ISSUES


No one seems to object to the transcriptions and posting of AK’s comments which are at www.krausenotes.blogspot.com. I’m putting comments and analysis on a separate blog, this one, so that people who don’t want to read such things don’t have to. This blog is set to accept anonymous comments, but I read them all and won’t tolerate flame wars. None have started.


Some of the most interesting and useful feedback on this material is coming in emails, some shared and others not shared, which I don’t want to post with names attached unless I have permission. I’m just going ahead to name the people AK named in her notes -- it’s been half a century since then, after all. Indeed, some of the email comments are arriving from people in that time period as well and those of us who know each other can probably guess who said what.

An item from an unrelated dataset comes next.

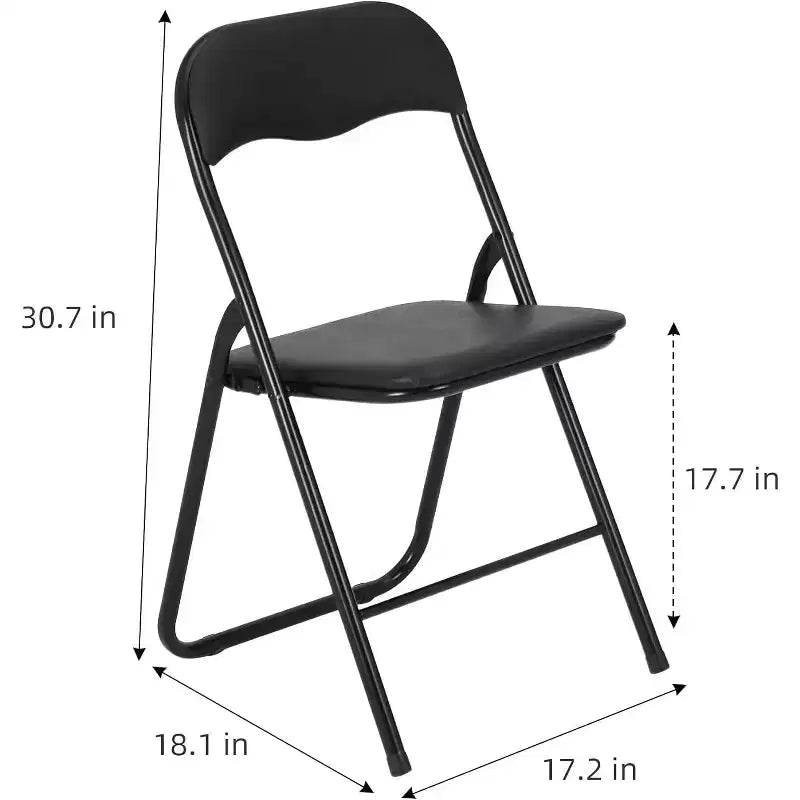 Chaises pliantes, chaises pliantes portables en métal avec coussin pour événements intérieurs et extérieurs, patins antidérapants, chaises empilables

In good “discussion” mode, I’ll try to separate the issues from the people.


1. It is most moving that after fifty years the memory of personal relationships with AK have the status of love affairs, magical relationships that have inspired people for decades. They do NOT want that interfered with. Who would?

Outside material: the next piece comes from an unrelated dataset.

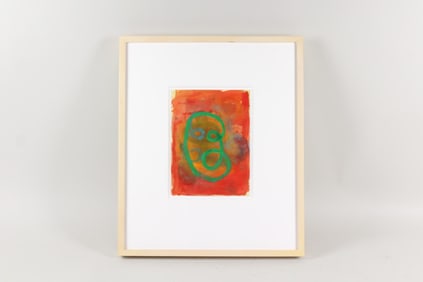 Max Miller Abstract Watercolor Painting "Milanville" 1988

2. Likewise, there were a few people deeply wounded by past misunderstanding and schism and they, too, still hurt. To some this might be a reason to shut down, but to me it’s a reason to continue.


3. One opinion is that AK’s teaching methods are obsolete now. Students will no longer tolerate the confrontive and sometimes invasive tactics she used then. Indeed, some people wouldn’t accept them then, but they quietly went elsewhere. Is it a loss or a gain to give up the auteur model of teaching? Stanislavki was, after all, a Russian like the famously dictatorial ballet masters.


4. Is it true that academic theatre is nothing like professional theatre? You can still be tough on professional actors? (If Equity allows it.)


5. Some feel that theatre is totally different now. Whatever was important then is NOT important now. Or, to the contrary, theatre, esp. repertory theatre, is entering a renaissance that is vital and thriving across the country with new companies still being founded.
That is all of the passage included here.